In some forms, chocolate can also be healthy for you, too. For example, cocoa is rich in polyphenols, a type of antioxidant that can help with high blood pressure and manage free radicals in the body (which can lead to inflammation and tissue damage) and promote overall health.
Sounds great, right? The challenge with chocolate comes with how unenjoyable pure cocoa or cocoa powder is to eat, mainly due to its very bitter profile. As a result, the chocolate we do enjoy is often very unhealthy due to large amounts of sugar present to make the otherwise bitter flavor of chocolate palatable. Even certain kinds of dark chocolate need some kind of sugar for people to enjoy them.
A new study in Current Research in Food Science, however, outlines efforts to better understand how processing cocoa beans can affect the flavor profile of cocoa and improve its enjoyability without the need for additives.
A team of researchers at Penn State, along with the founder of chocolate company Patric Chocolate, looked specifically at different methods of roasting cocoa beans and how optimal temperatures and time of roasting can improve the bitter profile of chocolate, making it more palatable. Roasting is used to produce chocolate because it helps remove many of the acids in cocoa beans that give chocolate a bitter taste.

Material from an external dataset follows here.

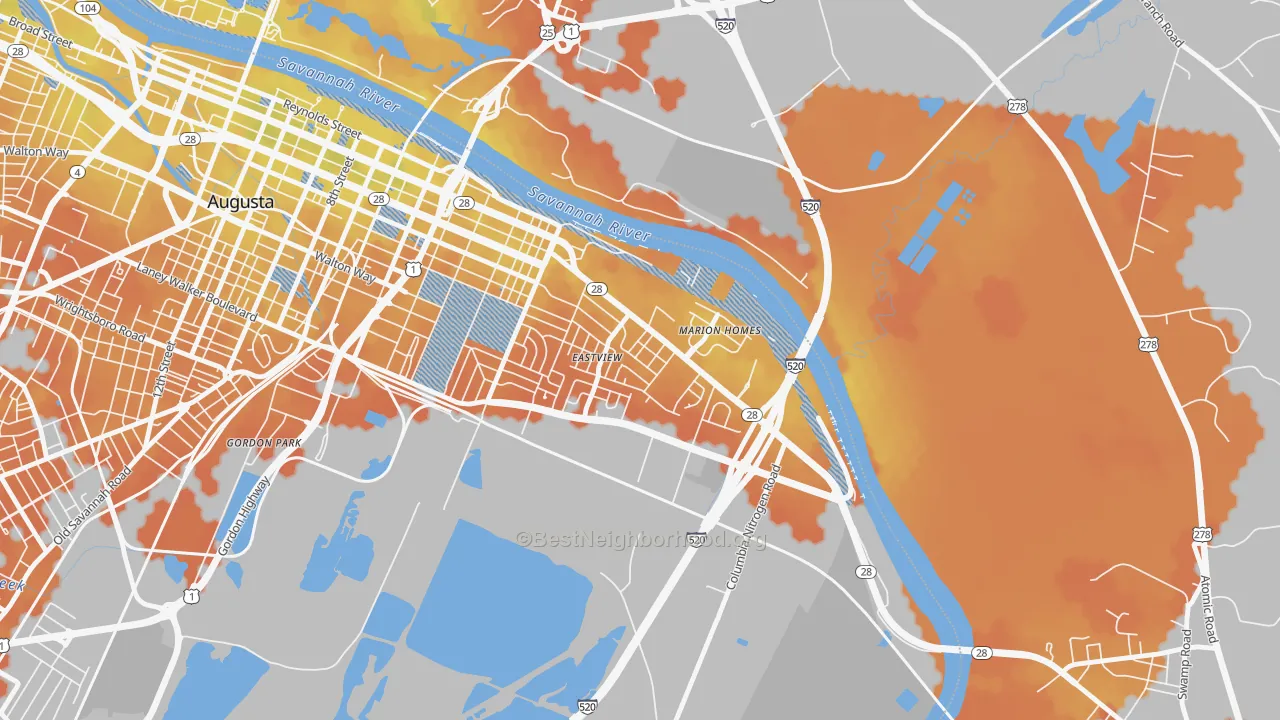Bike Grade map of East Augusta, Augusta, GA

The study included 145 participants who were asked to sample 27 different chocolate products, each prepared with beans roasted in different ways to gauge how people respond. Researchers highlight that reliance on sensory perception to test chocolate products was a unique approach to understanding chocolate's bitterness profile.
Findings from the study suggest that people generally found chocolate products made of beans roasted at higher temperatures for longer (and without sugar!) more enjoyable compared to beans that were raw or minimally roasted.